Efficacy of tralokinumab after failure with upadacitinib and dupilumab in a patient affected by atopic dermatitis

ORCID Icon, , , & ORCID Icon
Article: 2153578 | Received 10 Oct 2022, Accepted 21 Nov 2022, Published online: 20 Jan 2023

Dear Editor,

Atopic dermatitis (AD) is a chronic inflammatory skin condition that reduces quality of life (Citation1). Treatment options range from older drugs such as cyclosporine to monoclonal antibodies (mAb) and small molecules (Citation2). The mAb dupilumab was effective and safe in AD registration studies (Citation3). Tralokinumab was also effective and safe for AD with a lower rate of conjunctivitis than seen with dupilumab (Citation4). The small molecule upadacitinib is even more effective than dupilumab (Citation5), but has more side effects (including acne and CK and lipid increases) and recommended clinical and laboratory monitoring (Citation5).

AD can be resistant to multiple treatments. We report a 52-year-old female patient followed at the University Dermatology Clinic of Turin. The patient presented with AD from birth, with concomitant conjunctivitis and allergic rhinitis, and—having failed treatment with topical calcineurin inhibitors and steroids, systemic steroids, and cyclosporine in January 2019—started dupilumab. At 4 months, EASI had decreased from 30 to 3, but face and neck involvement, high impairment of quality of life (QoL), and pruritus persisted (Dermatology Life Quality Index [DLQI] from 14 to 13 and Number Rating Scale of Pruritus [NRSp] from 5 to 8). During subsequent visits, facial involvement persisted, pruritus progressive worsened, and numerous conjunctivitis episodes occurred. In April 2021, given the high disease burden (EASI17, DLQI 13 NRSp 6) and side effects, we opted to switch to upadacitinib 30 mg daily.
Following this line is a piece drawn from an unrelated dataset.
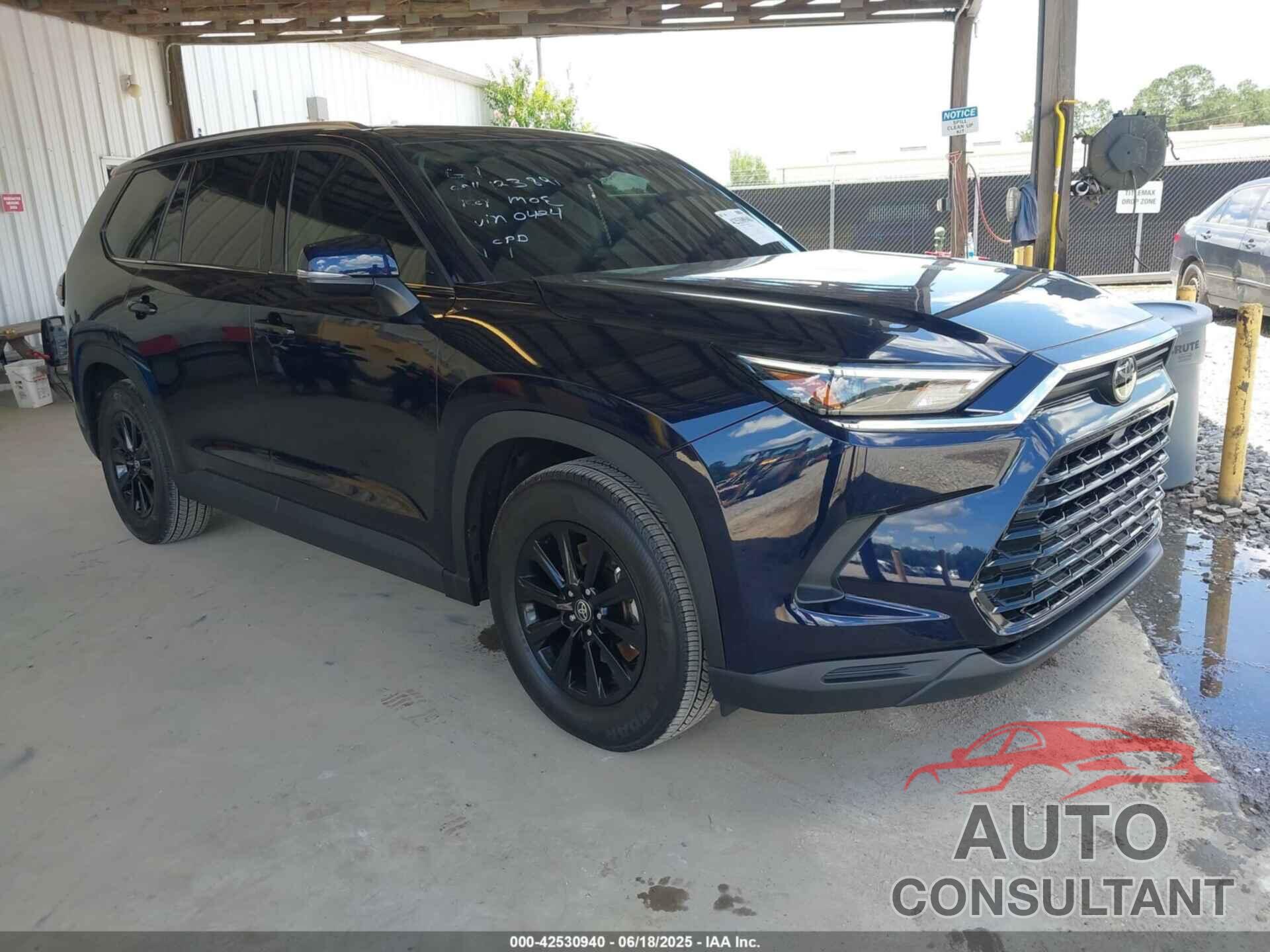 TOYOTA GRAND HIGHLANDER 2024 - 5TDAAAA51RS000424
At two months, EASI was 2, DLQI and NRSp were 1 and 0, respectively, but facial involvement persisted. At 4 months into upadacitinib treatment, pruritus and QoL worsened (NRSp 5 and DLQI 7); at subsequent follow-up visits AD worsened, too. During treatment with upadacitinib, there were numerous episodes of arthralgias and cutaneous infectious events, including a right upper lip abscess, right shoulder cystic lesion, and numerous episodes of chalazion that required repeated antibiotic therapy and reduction of upadactinib dosage to 15 mg per daydie. In March 2022 in consideration of adverse events and worsening AD (EASI 7, NRSp 10, DLQI22), after ruling out lymphomatous pathology by biopsy and histological examination, upadacitinib was discontinued. In May 2022 in consideration of EASI 24, tralokinumab was started according to the approved dosage (600 mg at baseline and 300 mg every 2 weeks thereafter). At the September 2022 follow-up visit, an initial skin response with persistent facial involvement (EASI 3) was observed while maintaining an unchanged impact on PROs (DLQI 24 and NRSp 10) (). The patient is currently continuing therapy with tralokinumab.
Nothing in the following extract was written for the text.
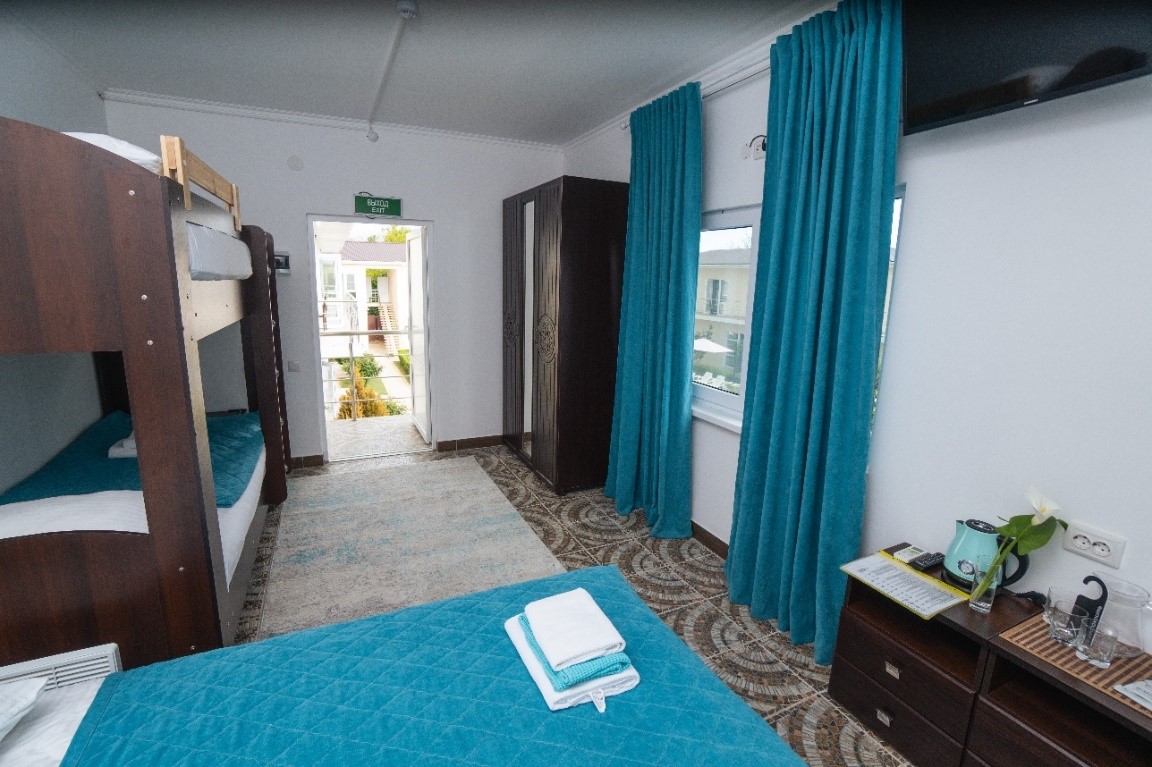 Четырехместный с двухъярусной кроватью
Figure 1. (a) The patient at the end of dupilumab therapy: extensive erythematous involvement of the face and neck. (b) The patient at the end of upadacitinib therapy: erythema and lichenification of the face, neck, and neckline. (c) First follow-up after initiation of tralokinumab: initial reduction in the extent of erythematous lesions and reduction in lichenification at the face.

Figure 1. (a) The patient at the end of dupilumab therapy: extensive erythematous involvement of the face and neck. (b) The patient at the end of upadacitinib therapy: erythema and lichenification of the face, neck, and neckline. (c) First follow-up after initiation of tralokinumab: initial reduction in the extent of erythematous lesions and reduction in lichenification at the face.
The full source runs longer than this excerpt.